GPU Memory Less Than Promised

It is my understanding that A10 has 24 GB memory. However, what we saw from nvidia-smi is that only around 22 GB is available:

|-------------------------------±---------------------±---------------------+
| GPU Name Persistence-M| Bus-Id Disp.A | Volatile Uncorr. ECC |
| Fan Temp Perf Pwr:Usage/Cap| Memory-Usage | GPU-Util Compute M. |
| | | MIG M. |
|===============================+======================+======================|
| 0 NVIDIA A10 Off | 00000000:01:00.0 Off | 0 |
| 0% 49C P0 61W / 150W | 0MiB / 22731MiB | 0% Default |
| | | N/A |
±------------------------------±---------------------±---------------------+
| 1 NVIDIA A10 Off | 00000000:41:00.0 Off | 0 |
| 0% 46C P0 60W / 150W | 0MiB / 22731MiB | 0% Default |
| | | N/A |
±------------------------------±---------------------±---------------------+
| 2 NVIDIA A10 Off | 00000000:61:00.0 Off | 0 |
| 0% 47C P0 60W / 150W | 0MiB / 22731MiB | 0% Default |
| | | N/A |
±------------------------------±---------------------±---------------------+
| 3 NVIDIA A10 Off | 00000000:C1:00.0 Off | 0 |
| 0% 45C P0 57W / 150W | 0MiB / 22731MiB | 0% Default |
| | | N/A |
±------------------------------±---------------------±---------------------+
| 4 NVIDIA A10 Off | 00000000:E1:00.0 Off | 0 |
| 0% 46C P0 59W / 150W | 0MiB / 22731MiB | 0% Default |
| | | N/A |
±------------------------------±---------------------±---------------------+

±----------------------------------------------------------------------------+
| Processes: |
| GPU GI CI PID Type Process name GPU Memory |
| ID ID Usage |
|=============================================================================|
| No running processes found |
±----------------------------------------------------------------------------+

Could anyone help understand what happened?

Is this a Linux system? Based on the output of nvidia-smi, pretty exactly 92.5% of raw GPU memory are reported as available to user apps.

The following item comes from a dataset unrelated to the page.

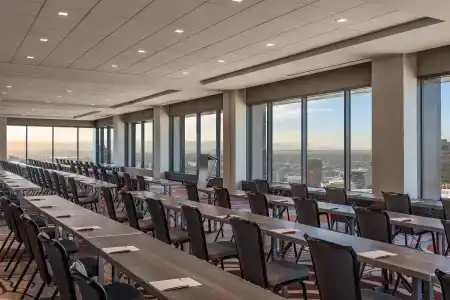 Grand Hyatt Denver - 18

(1) CUDA requires some GPU memory for its own data structures
(2) If this GPU supports ECC, some memory may be reserved for storing the ECC check bits
(3) Something seems to be running on these GPUs, because power state is P0 and power usage is reported as ~60W, which is much above typical idling power (I would estimate around 8W at idle). Whatever is running on these GPUs is likely using some memory. What is confusing though is that it says “no running processes found” and that GPU utilization is reported as 0%. I cannot explain that.

A10 supports ECC and it is enabled by default. ECC on GDDR GPUs reduces the available memory.

But in our case, ECC is zero, so I am assuming it is disabled?

You mean “Volatile Uncorrectable ECC” is zero? That is a report of ECC errors detected, not whether ECC is enabled or not. If ECC were disabled that field would report N/A, not 0.

nvidia-smi has command line help available, you can use that to learn how to turn ECC on or off. The longer form nvidia-smi output (-a) will also show additional ECC info.

Great! Thanks!

Actually, is ECC really useful? I am facing a situation where through turning off ECC we have adequate memory to assign two processes to a single A10, at an unknown risk though. Without turning ECC off, we have to keep optimizing our code. Is it a reasonable choice to turn it off?

I don’t know what the risk would be either.

Speaking for myself, I consider ECC to be a useful feature and would never turn it off.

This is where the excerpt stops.